I think daycare is a fantastic option for those of us that work full time. We started taking Rusty to daycare once/week when he was just a pup and he LOVES it. We also have done Puppy Kindergarten and Obedience Class at this place so he is really familiar with it and the trainers. I would like to bring him 2x a week... and we do when the weather forecast inst great... but it does cost $$$, $30/day. Rusty literally sleeps on the way home from daycare...comes in and gets some food and then sleeps in his kennel or in our laps the rest of the night until the following morning. We swear by daycare We bring him Wednesdays so we get a mid week break to get some stuff done in the house...or lay on the couch and be lazy with him
It's been great for his socialization skills.... we never worry about him greeting other dogs when we go to dog parks because he knows how to "play" with them already.
Good luck and I hope you can convince him to take your pup


----------



## RubyRoo (Feb 1, 2011)

tracker said:


> Ruby, where abouts do you live, and what is the name of the daycare? That is a very reasonable price, any daycare I have come across was over $20 a day.


I'm in Tampa, FL. I guess I am lucky that daycare is so cheap for me especially since Ruby goes 4 days a week.


----------



## luv2laugh (Oct 6, 2011)

Wow! We really overpaid. Oso did doggy day care when he was a puppy, it was $40 a day. It was run at a home and they got several outings a day. 

The first time Oso came back with a cactus prick (now, I think we would have shrugged), HOWEVER, that was his first time ever with any kind of boo boo, he was our baby and we had to dig it out with tweezers. No fun!! He really was a baby, not even 4 months old. 

The second time, Oso came back with lots of energy. We thought maybe, they crated him too much so he wouldn't get a cactus prick again. When I asked, they said not at all. But, I wasn't content, I knew how tired he was after we played with him and took him on a walk and it didn't add up. We had to tire him out AFTER daycare. The trust was gone.

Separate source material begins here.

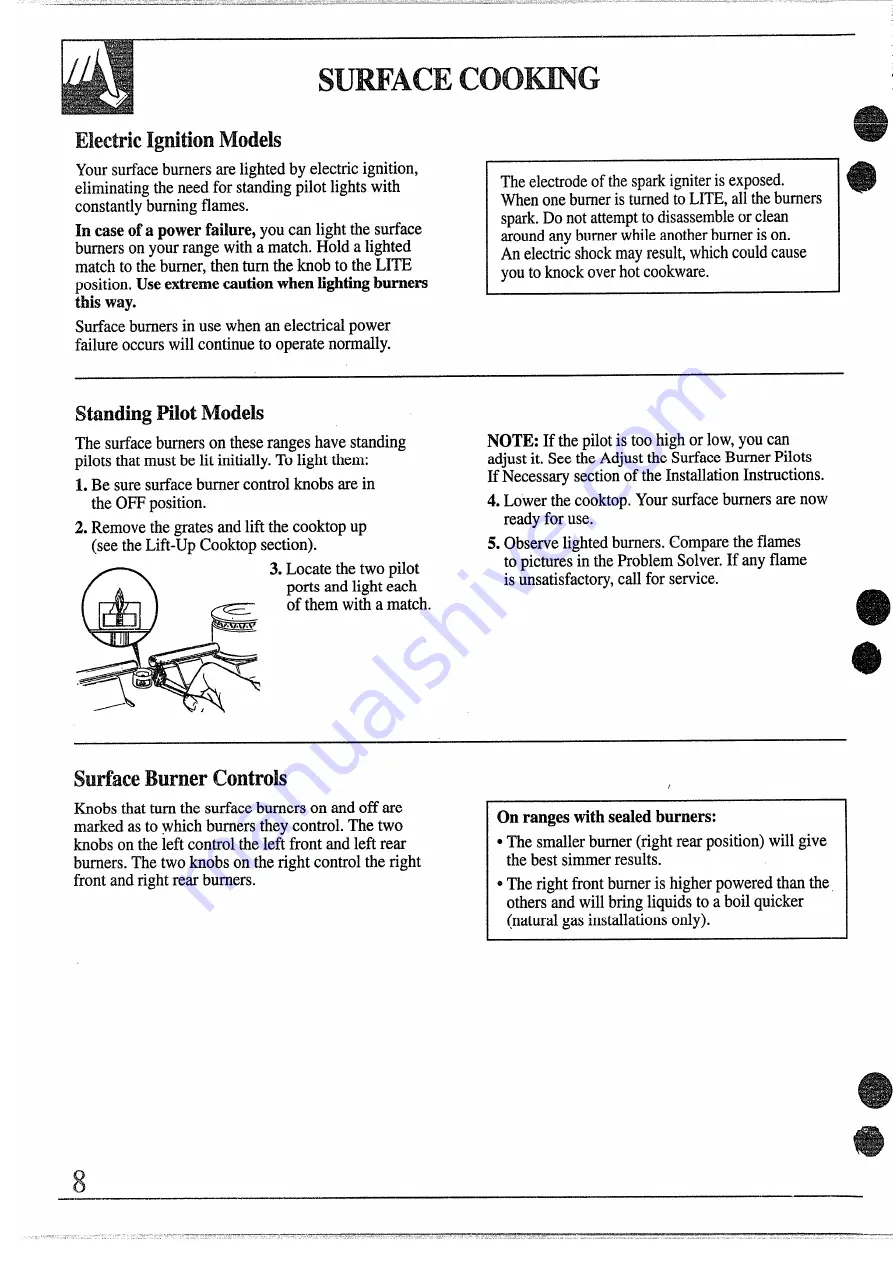 GE XL44 JGBS02EN Use And Care & Installation Manual Download Page 8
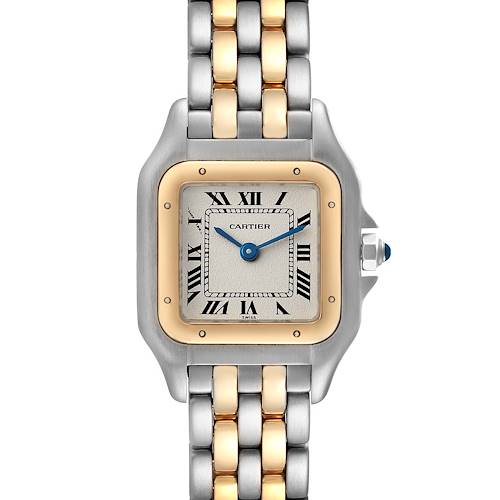 The image shows a front view of the Cartier Panthere watch, highlighting its face, bezel, and two-tone bracelet.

We hired a dog walker and she left detailed notes about their walks/runs through the park and Oso was a tired dog. Then our schedule changed and we didn't need it. The dog walker was great though!

I have looked at other daycares in our area which I like a lot less than the one we brought him to. He won't be able to go for a while now though, even if we wanted him to because he's not neutered and we are waiting until he's a bit older.


----------



## RubyRoo (Feb 1, 2011)

Here is where I take Ruby. It is a franchise and located in other states besides Florida:

http://www.preppypet.com/locations.html


----------